### Problem requirements
Would you give the listing again exactly, without its images?

### Dataset extract
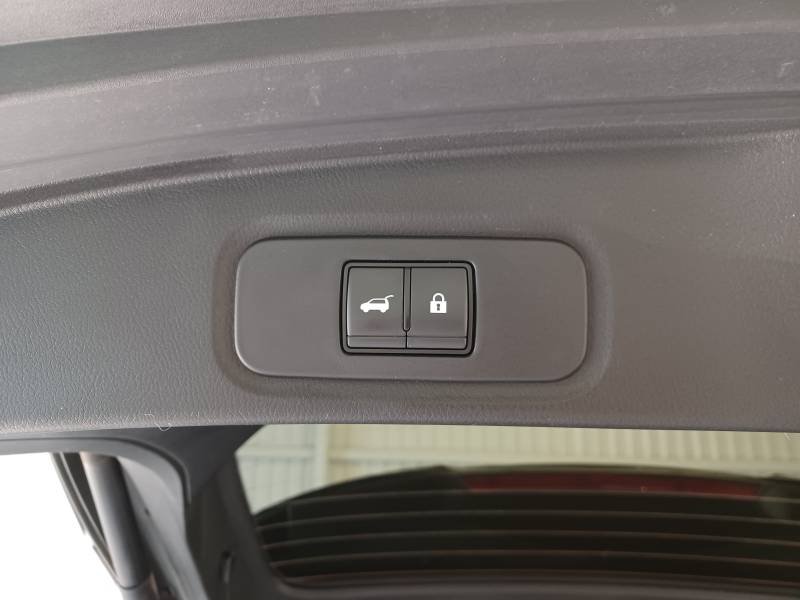 Nissan Qashqai - Photo 20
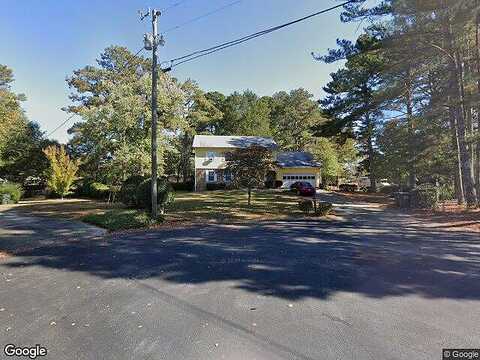Ann, CONYERS, GA 30013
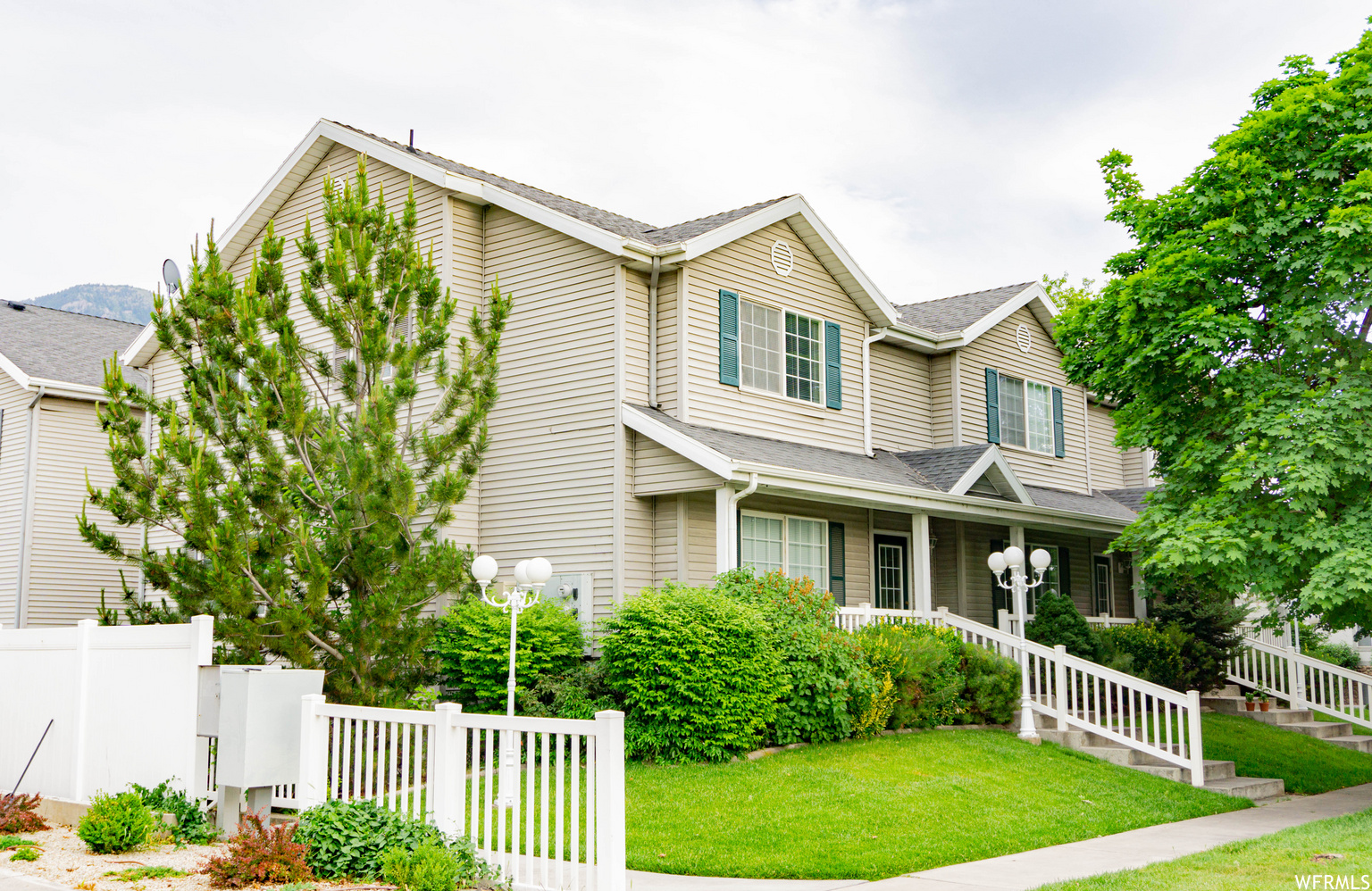 List of Provo Utah Homes for Sale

### Written answer
 Nissan Qashqai - Photo 20
Ann, CONYERS, GA 30013
 List of Provo Utah Homes for Sale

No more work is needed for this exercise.